State insurance regulation report card from R Street

For the second year in a row, Vermont has been graded at the top of the class as having the best insurance regulatory system, while North Carolina has again been graded as having the worst, according to the fifth edition of R Street Institute’s Insurance Regulation Report Card.

Written by R Street Senior Fellow R.J. Lehmann, the annual report grades each state on how “effectively and efficiently they discharge their duties to monitor insurer solvency and to foster consumer choice and competitive, private insurance markets,” according to the Washington, D.C.-based free market think tank.

“We believe states should regulate only those market activities where government is best-positioned to act; that they should do so competently and with measurable results; and that their activities should lay the minimum possible financial burden on policyholders, companies and, ultimately, taxpayers,” Lehmann writes.

For the third straight year, Vermont had the best insurance regulatory environment in the country, receiving the only A+ score. Other states receiving either an A or A- were Arizona, Idaho, Illinois, Kentucky, Maine, New Hampshire, Utah and Wisconsin.

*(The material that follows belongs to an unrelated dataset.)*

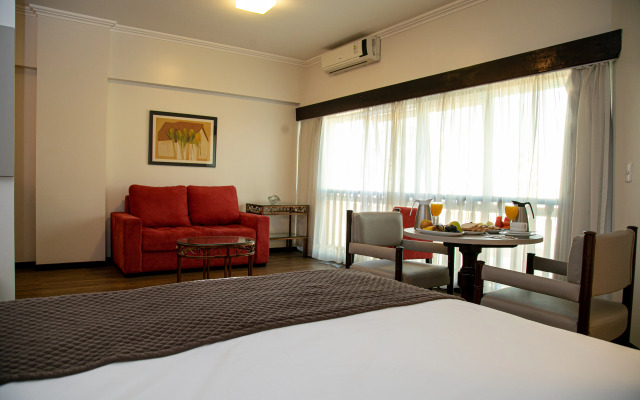 Plaza Blumenau Hotel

Meanwhile, for the second straight year, North Carolina had the worst score, receiving a F failing grade for the third year in a row. States in the D range include Alaska, Massachusetts, California, Hawaii, Louisiana, Mississippi, Delaware, Montana, North Dakota and New York.

See the entire state insurance regulation report card, with state rankings, by clicking here.

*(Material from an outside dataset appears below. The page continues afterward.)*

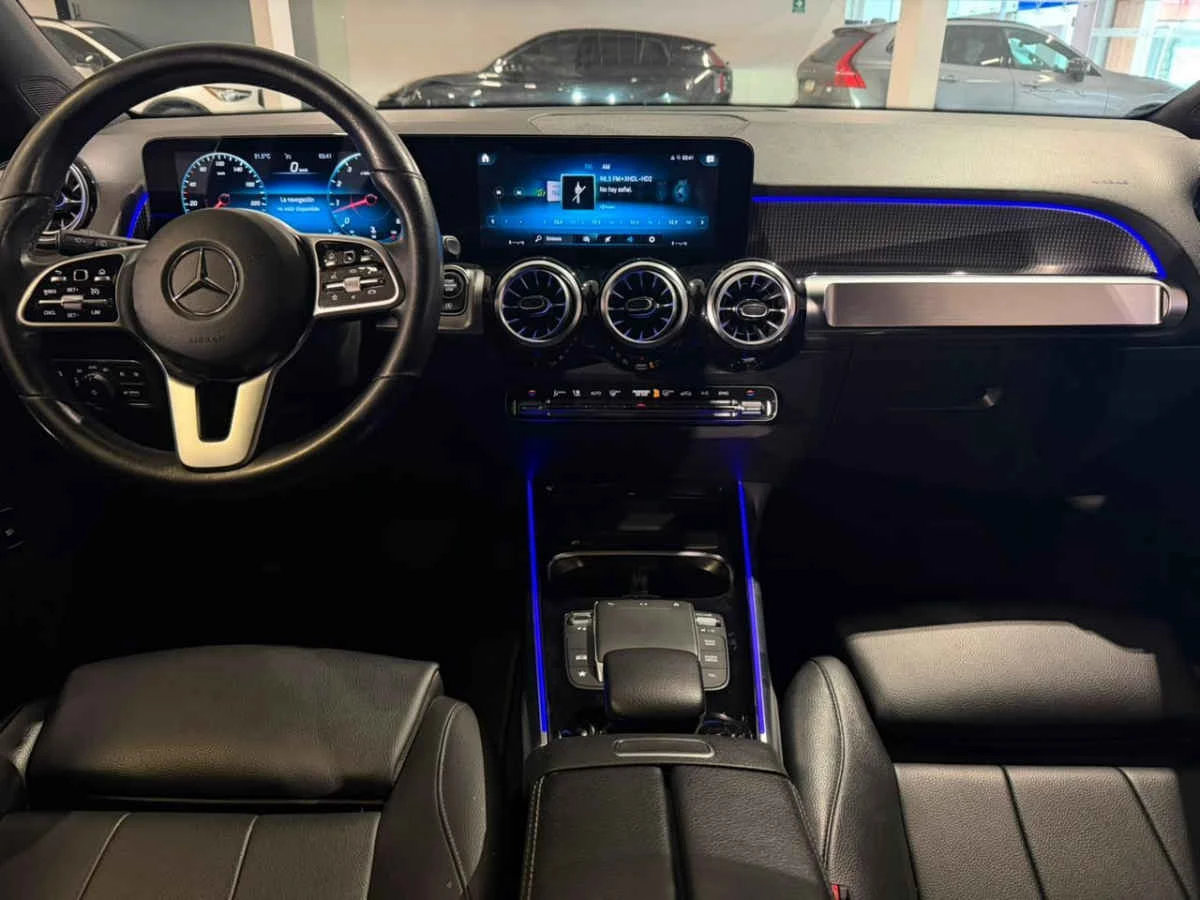 Mercedes-Benz Clase GLB 2021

Among the most significant shifts Lehmann noted in the report is the continued expansion of North Carolina’s two property insurance residual market entities, even as Florida’s Citizens Property Insurance Corp.—previously the nation’s largest residual market entity—continues to shrink.

“Not coincidentally, when R Street issued its first regulation report card in 2012, Florida ranked dead last and North Carolina was somewhere in the middle. This year, North Carolina is dead last and Florida is somewhere in the middle,” Lehmann wrote.

Lehmann is senior fellow, editor-in-chief and co-founder of the R Street Institute. He is the author of numerous policy papers, including the 2012 to 2015 editions of R Street’s Insurance Regulation Report Card.

Report Methodology

R Street tracks 10 broad categories that it believes measure how well states: “avoid excess politicization; monitor insurer solvency; police fraud; respond to consumer complaints; how efficiently they spend the insurance taxes and fees they collect; how competitive their home, auto and workers’ comp insurance markets are; and the degree to which they permit insurers to adjust rates and employ rating criteria as they see fit.”


The 10 categories are weighted as follows to come up with a final grade:

Politicization 10%

Solvency 10%

Consumer Protection 5%

Anti-Fraud Resources 5%

Fiscal Efficiency 10%

Auto Insurance Market 15%

Home Insurance Market 15%

Workers’ Compensation Market 10%

Rate Regulation 10%

Underwriting Freedom 10%

The report is largely focused on regulation of property/casualty insurance and particularly on those lines of business Re Street says “have the most direct impact on regular people’s lives,” namely homeowners, auto and workers’ compensation.

The report notes that these lines of insurance also tend to be the most closely regulated.

While the report is critical of some states, it says that “on balance,” states do a good job of encouraging competition and monitoring solvency.

“As a whole and in most individual states, U.S. personal lines and workers’ compensation markets are not overly concentrated. Insolvencies are relatively rare and, through the run-off process and guaranty fund protections enacted in nearly every state, quite manageable,” the author says.

However, Lehmann continues writing in the report, state-by-state regulation leads to inefficiencies and policies that have the effect of “discouraging capital formation, stifling competition and concentrating risk. Central among these are rate controls.”

Lehmann cautions that the report is not intended as a referendum on specific regulators. “Scoring an F does not mean that a state’s insurance commissioner is inadequate, nor is scoring an A+ an endorsement of those who run the insurance department,” he says.